If you use AI in your dev workflow, you’ve probably seen this pattern:
- You write a prompt.
- It works once.
- You try it on the “real” input.
- Suddenly it rambles, misses constraints, or returns something you can’t paste anywhere.
Most of those failures aren’t “model issues”. They’re prompt preflight issues — the same avoidable mistakes you’d catch if you paused for 60 seconds before hitting run.
Here’s the checklist I use. It’s short enough to do every time, and it will save you hours of iterative re-prompting.
The 7-question prompt preflight checklist
1) What is the deliverable?
Don’t describe the task. Name the artifact.
Bad:
Review this code and tell me what you think.
Better:
Produce a GitHub review comment list with (a) severity labels (blocker/major/minor), (b) file+line references, and (c) a short suggested fix for each.
Why this works: the model can “aim” at something concrete. Vague prompts invite vague output.
Preflight test: could a teammate tell whether the output is correct without reading your mind?
2) Who is the audience?
The same content can be correct but unusable if it’s written for the wrong reader.
Example:
Audience: a mid-level backend engineer who knows SQL and Docker but is new to Kubernetes.
If you don’t specify this, the model will pick a random target: too basic, too advanced, or annoyingly verbose.
3) What is in scope vs out of scope?
This is the fastest way to prevent the “helpful but irrelevant” sections.
Example:
In scope: the API design and error handling.
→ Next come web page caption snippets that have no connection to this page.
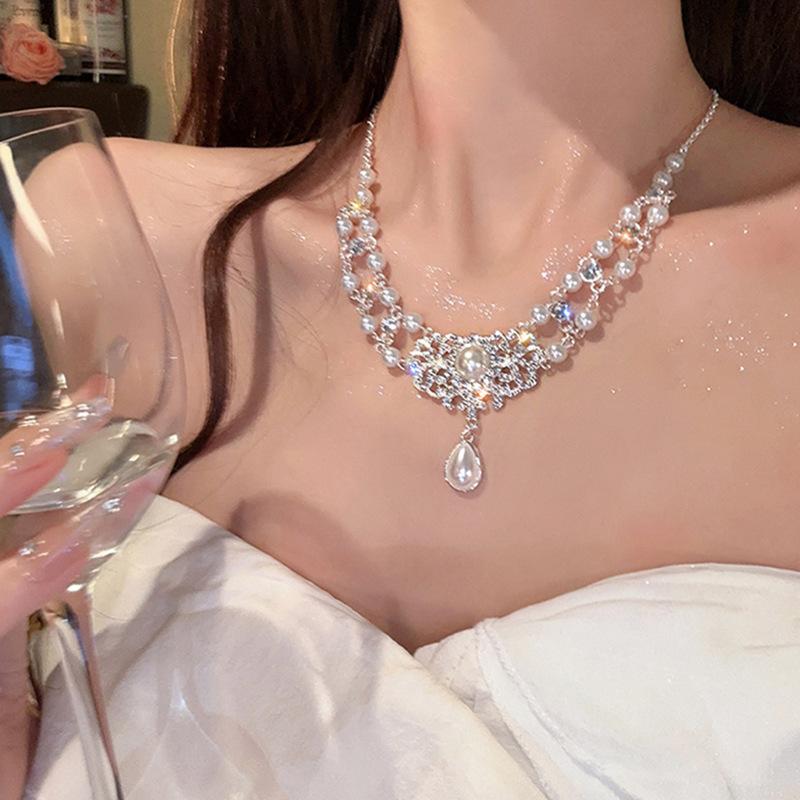 Collier Guochao avec serrure de sécurité sertie de diamants et perle en forme de goutte d'eau chaîne de clavicule personnalité de niche collier exagéré tempérament femme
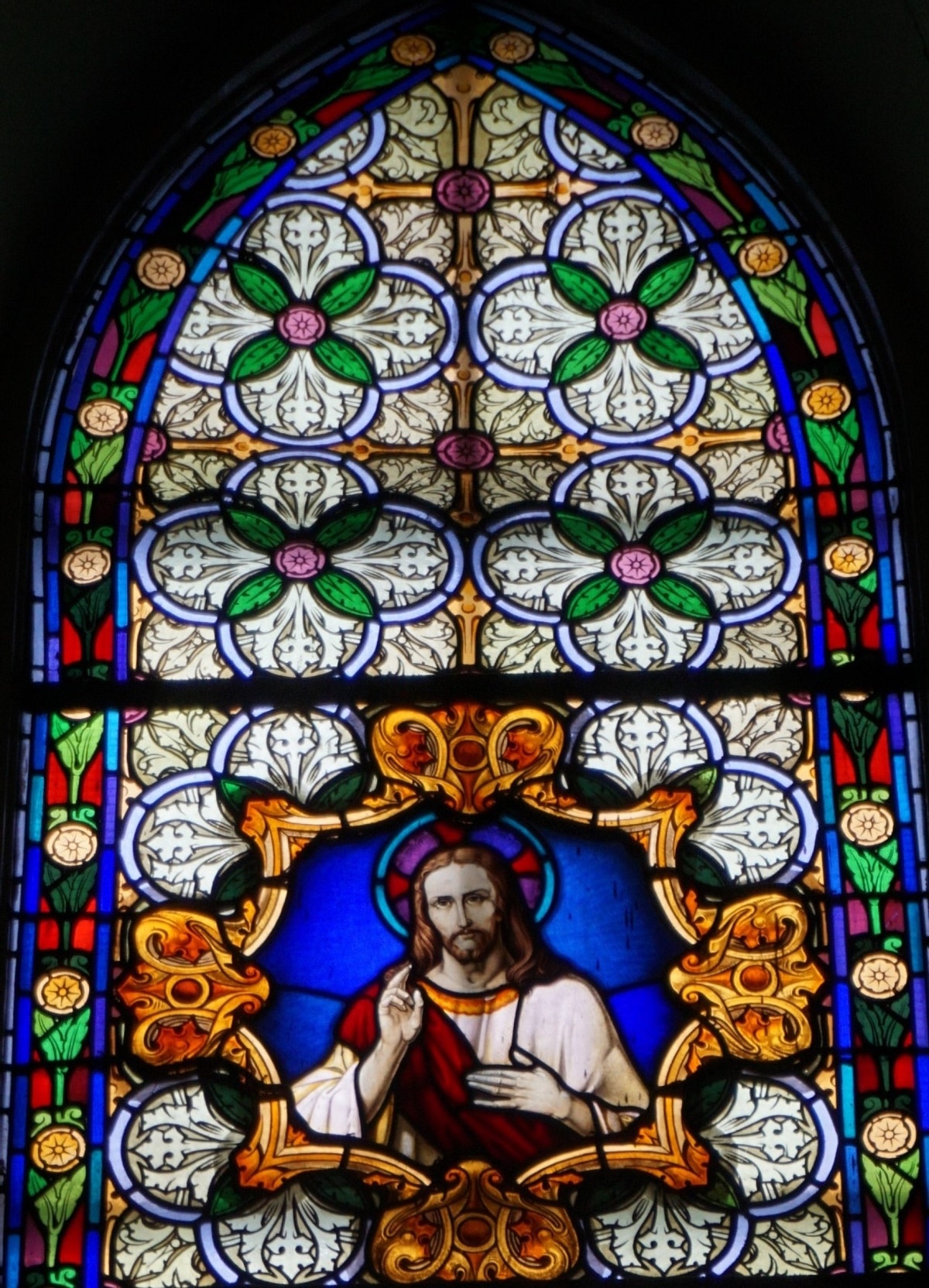 4 SAGRADO CORAZON DE JESUS Paralizado el derribo de la capilla de Villa Elvira para conservar sus vidrieras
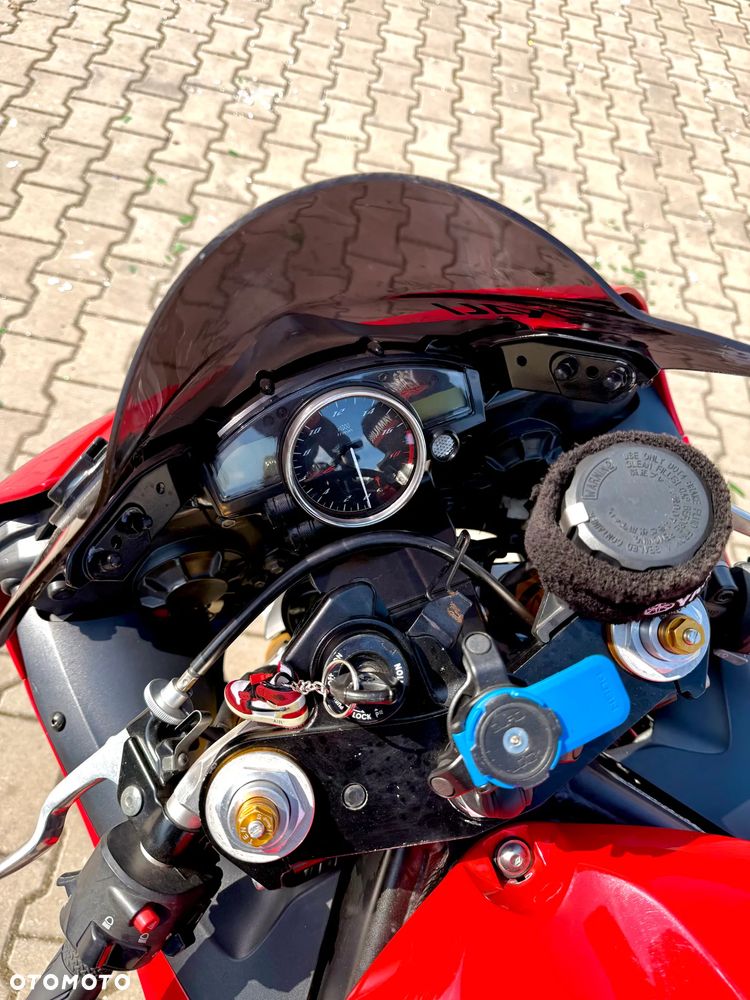 Yamaha R6 - 21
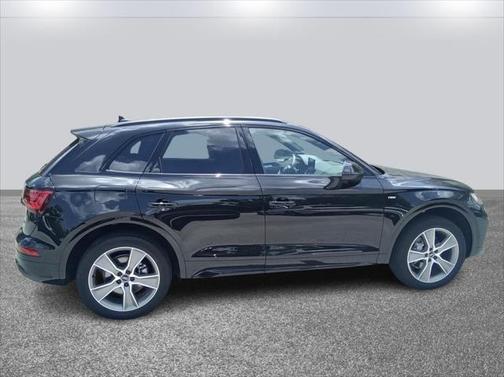 2025 Audi Q5 45 S line Premium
Out of scope: performance tuning, CI/CD, and database indexing.
If you want the model to not talk about something, say so explicitly.
4) What are the hard constraints?
Hard constraints are non-negotiable. Put them in a visible block.
Example constraint block:
Constraints:
- Max 12 bullet points
- No more than 2 paragraphs of explanation
- Use TypeScript
- Output must be valid JSON
- Do not invent endpoints or fields not present in the input
Preflight test: if the model violates one of these, will you throw away the output? If yes, it’s a hard constraint.
5) What context is missing (and how should the model handle it)?
A lot of bad output comes from the model guessing.
Give it a rule for unknowns:
If information is missing:
- Ask up to 3 clarifying questions.
- If still ambiguous, make the smallest reasonable assumption and label it "Assumption:".
This turns “hallucinations” into either questions or clearly-marked assumptions.
6) What should the format look like?
Format is the difference between “nice answer” and “drop-in usable”.
If you want a PR description, say so. If you want a table, say so. If you want a patch, say so.
Example: code review output template
### Summary
- …
### Issues
1) **[blocker]** `src/foo.ts:41` — …
- Fix: …
### Suggested patch
diff
...
Even better: provide a tiny sample output (one item) so the structure is unambiguous.
7) What is the quality bar?
This is where you encode “what good looks like”.
Instead of:
Make it high quality.
Use:
Quality bar:
- Prefer specific, actionable steps over general advice
- Include edge cases and failure modes
- If you propose a change, include a concrete example (code/config)
- Avoid repetition
This pushes the model toward the kind of output you’d expect from a strong human collaborator.
A practical example: turning a vague prompt into a reusable tool
Let’s say you want a prompt that turns a feature request into implementation tasks.
Version 0 (vague)
Break this feature down into tasks.
Version 1 (preflighted)
Role: You are a senior engineer writing an implementation plan.
Audience: A small dev team that will execute this next sprint.
Deliverable: A task list suitable for a GitHub issue, with clear acceptance criteria.
In scope: API changes, data model changes, migration notes, and tests.
Out of scope: UI polish, performance optimizations.
Constraints:
- 8–15 tasks total
- Each task includes: title, description, acceptance criteria, estimated complexity (S/M/L)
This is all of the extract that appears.